Start of DATASET ENTRIES
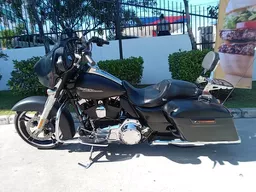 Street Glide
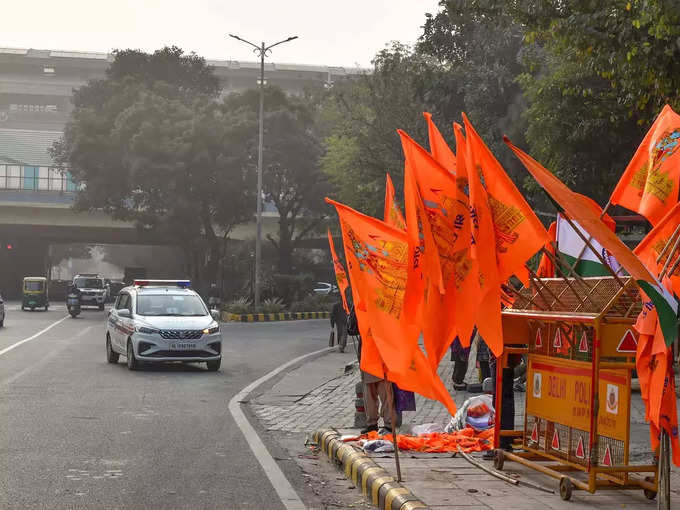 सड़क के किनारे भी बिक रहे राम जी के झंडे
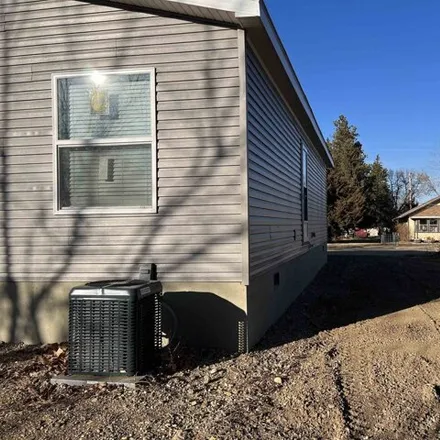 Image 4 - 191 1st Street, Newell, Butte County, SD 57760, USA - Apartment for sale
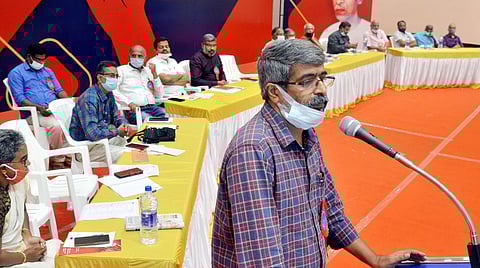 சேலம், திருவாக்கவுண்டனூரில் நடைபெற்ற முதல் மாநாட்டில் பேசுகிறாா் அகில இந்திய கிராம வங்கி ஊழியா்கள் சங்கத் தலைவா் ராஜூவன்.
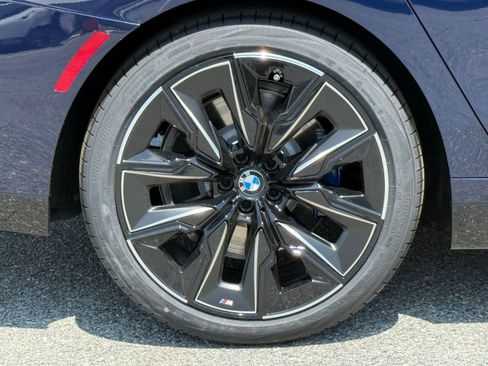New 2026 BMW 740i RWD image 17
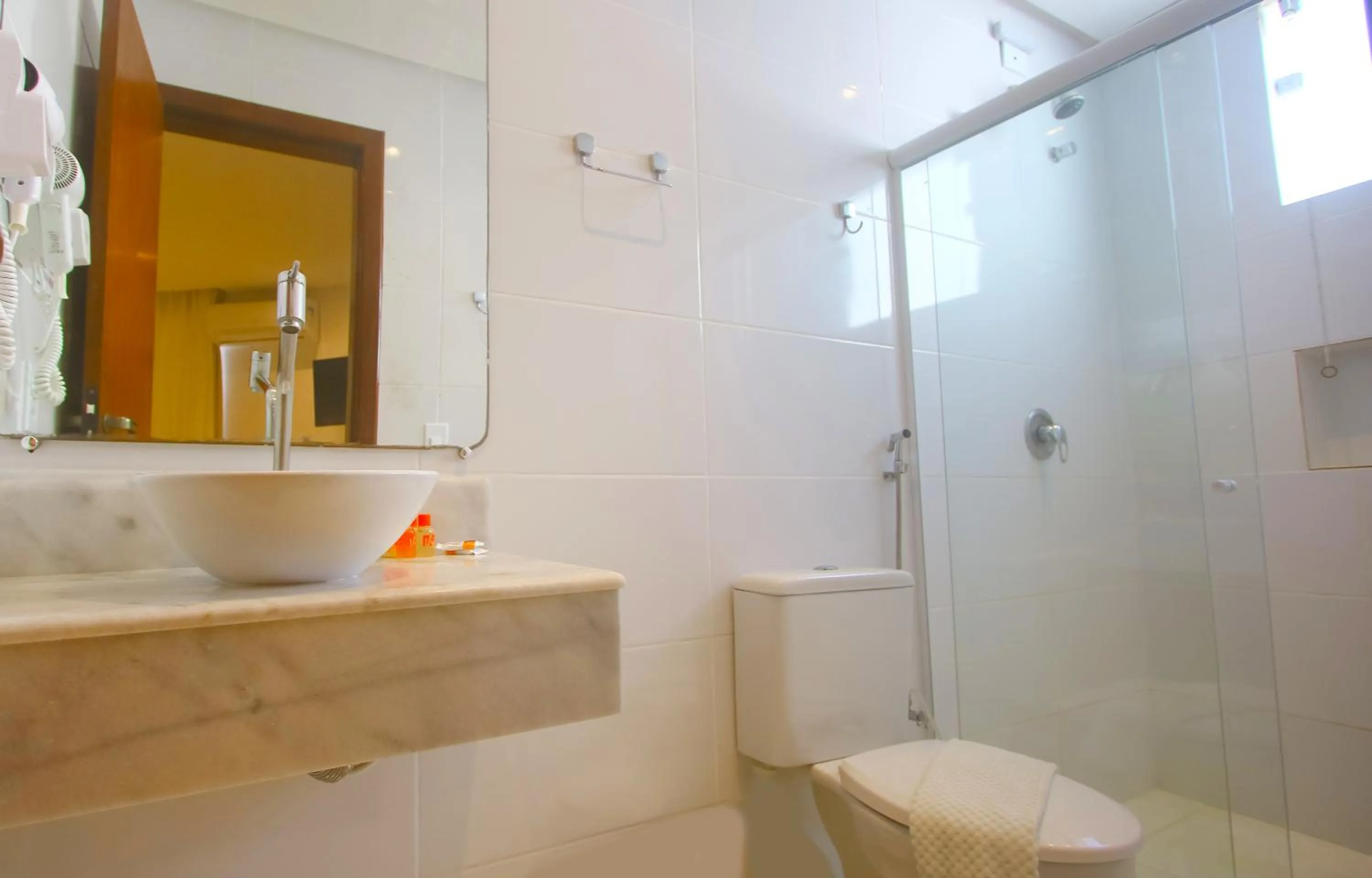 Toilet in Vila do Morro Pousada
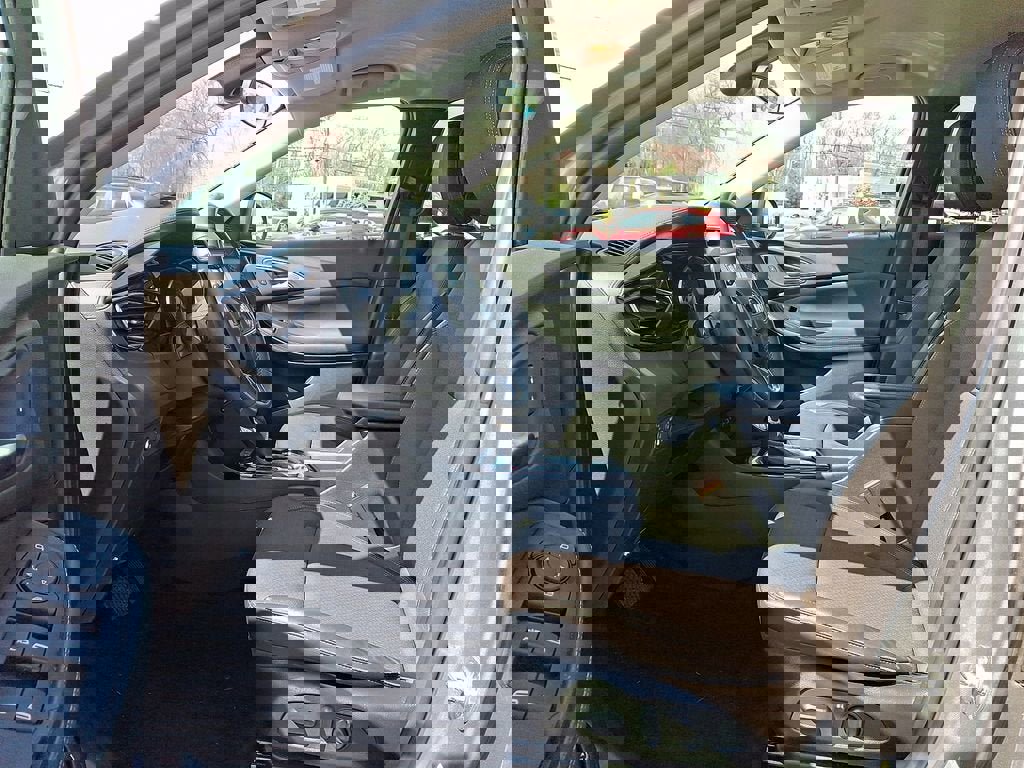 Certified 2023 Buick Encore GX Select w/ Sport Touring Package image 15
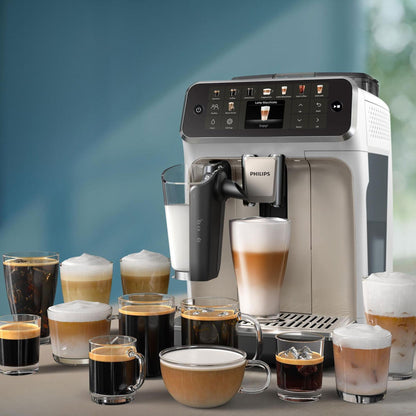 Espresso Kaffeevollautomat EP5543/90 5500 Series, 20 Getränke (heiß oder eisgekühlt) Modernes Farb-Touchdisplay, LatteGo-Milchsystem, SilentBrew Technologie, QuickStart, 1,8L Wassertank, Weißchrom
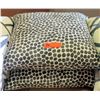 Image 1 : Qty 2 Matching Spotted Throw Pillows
End of DATASET ENTRIES
## YOUR INSTRUCTIONS
The line with "சேலம், திருவாக்கவுண்டனூரில் நடைபெற்ற" and each line after it, through the final line of the data, are to be duplicated exactly, with pictures left out and nothing more included.

## RESULT OF THE EXERCISE
 சேலம், திருவாக்கவுண்டனூரில் நடைபெற்ற முதல் மாநாட்டில் பேசுகிறாா் அகில இந்திய கிராம வங்கி ஊழியா்கள் சங்கத் தலைவா் ராஜூவன்.
New 2026 BMW 740i RWD image 17
 Toilet in Vila do Morro Pousada
 Certified 2023 Buick Encore GX Select w/ Sport Touring Package image 15
 Espresso Kaffeevollautomat EP5543/90 5500 Series, 20 Getränke (heiß oder eisgekühlt) Modernes Farb-Touchdisplay, LatteGo-Milchsystem, SilentBrew Technologie, QuickStart, 1,8L Wassertank, Weißchrom
 Image 1 : Qty 2 Matching Spotted Throw Pillows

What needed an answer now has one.